Qlik has grand plans for data. They are hoping that their solution will take the analytics out of the hands of a select few and bring it to the user to leverage as they see fit.
ChannelLife talked with the company’s A/NZ VP and regional director Sharryn about Qlik’s approach to the channel and the importance of data literacy in a big-data world.
Just briefly, what does Qlik do?
In a few words, we help end-users analyse their own data.
More specifically, we empower users to run their own analyses with a user-friendly interface, but a robust and enterprise-grade back-end.
What makes your approach to partners different to the other players in the channel?
I love this question! I have worked for a number of vendors who profess to be partner-centric and a lot of it is talk.
Qlik is the only vendor I've worked for in 20-something years that fundamentally puts the partner at the heart of our organisation.
In Western Australia, Queensland and New Zealand we have 100% go-to-market through partners and overall we are 50/50 channel and direct.
I personally did the recruitment in New Zealand 12 months ago for the systems integrators that we established partnerships with.
When we started we were channel-first and we evolved from that. That's our heritage.
What benefits for partners have you seen since Qlik was acquired by Thoma Bravo and became private in 2016?
If a software vendor puts out a range of profitability or revenue and misses the upper end then you are slaughtered by the stock market and analysts, even though you are within the range predicted.
We don't have to tell the market whether we're profitable or not - we are very profitable, I'll say that - but we don't have to tell the market anything, we can just get on with doing our stuff and delivering a better solution for the partners to resell and the customers to consume.
It also allows us to make significant changes, like our go-to-market or going to the cloud, under a protected umbrella that won't affect the company's future and I think that's a really big positive.
Is this approach to data-analytics becoming more common with the increase in the penetration of cloud and the drive toward end-user accessibility?
In Gartner's Magic Quadrant there are three of us who profess to do the same thing but in different ways.
Tableau is a very end-user friendly tool, like excel on steroids, but at the moment it lacks governance and security and doesn't scale for enterprise.
Microsoft professes to be end-user driven but you still need someone who can code to be able to build stuff, while we’re no code at all.
I think we are the only one who does what it says on the label - we're end-user driven, robust from an enterprise perspective and we're fast to market.
What is 'data literacy' from your point of view and what Qlik is doing to help with it across organisations?

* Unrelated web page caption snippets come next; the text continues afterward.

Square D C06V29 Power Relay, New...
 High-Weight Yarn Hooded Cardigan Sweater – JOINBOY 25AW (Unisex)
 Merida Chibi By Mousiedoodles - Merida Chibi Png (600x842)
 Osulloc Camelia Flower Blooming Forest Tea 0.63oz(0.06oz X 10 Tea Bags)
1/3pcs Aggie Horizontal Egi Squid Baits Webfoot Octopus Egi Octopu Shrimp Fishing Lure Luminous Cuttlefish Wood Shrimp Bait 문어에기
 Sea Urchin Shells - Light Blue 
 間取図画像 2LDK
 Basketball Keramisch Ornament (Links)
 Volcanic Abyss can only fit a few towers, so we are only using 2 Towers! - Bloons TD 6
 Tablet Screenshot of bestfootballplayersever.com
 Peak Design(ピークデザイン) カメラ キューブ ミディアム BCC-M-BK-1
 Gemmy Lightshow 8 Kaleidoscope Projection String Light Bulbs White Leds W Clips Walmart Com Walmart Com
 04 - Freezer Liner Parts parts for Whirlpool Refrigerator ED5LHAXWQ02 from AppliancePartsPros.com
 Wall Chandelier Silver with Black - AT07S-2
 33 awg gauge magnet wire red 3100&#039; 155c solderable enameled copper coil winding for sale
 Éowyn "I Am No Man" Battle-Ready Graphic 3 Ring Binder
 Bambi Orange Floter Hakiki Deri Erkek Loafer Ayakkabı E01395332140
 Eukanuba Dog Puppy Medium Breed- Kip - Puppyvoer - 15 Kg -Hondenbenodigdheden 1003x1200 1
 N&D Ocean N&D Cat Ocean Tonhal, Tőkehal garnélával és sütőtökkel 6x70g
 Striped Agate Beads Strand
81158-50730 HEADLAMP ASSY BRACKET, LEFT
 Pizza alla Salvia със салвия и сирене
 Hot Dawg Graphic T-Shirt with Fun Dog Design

From our perspective, data literacy is when a person who does a business function can understand not just how to look at their data but how to challenge it, argue with it and how to do something from it.
There is a data explosion with IoT exposing more and more users to data through cloud and subscription models, and so we know that the problem is getting bigger.
As we push our technology into the periphery, data literacy matures because people have more access to their data and so can build things that are relevant to themselves.
Previously, the IT organisation was the only one that had access to the data.
In this new paradigm, the users have access to the data in a controlled manner, in the right way.
They can then take that and use that in their own mental context, how they need to use it.
They are self-educating through a tool.
How has Qlik prepared for the NBD and any potential equivalent in NZ?
We are not a data protection or a network protection or a monitoring solution, there is a lot of that stuff out in the market for that.
We deliver the data and we deliver it in a very secure manner - we have levels of security within our product that allows segregation and segmentation of different roles and different users that enter the system.
We have people in the central government in Australia and also the US, using this technology to expose information to third parties which using other technologies you can't physically do because there isn't a level of control that you can put in there and there is a lack of governance.
We are lucky that we are already at the front-end prepared for it but we can't stop the breaches at the back-end.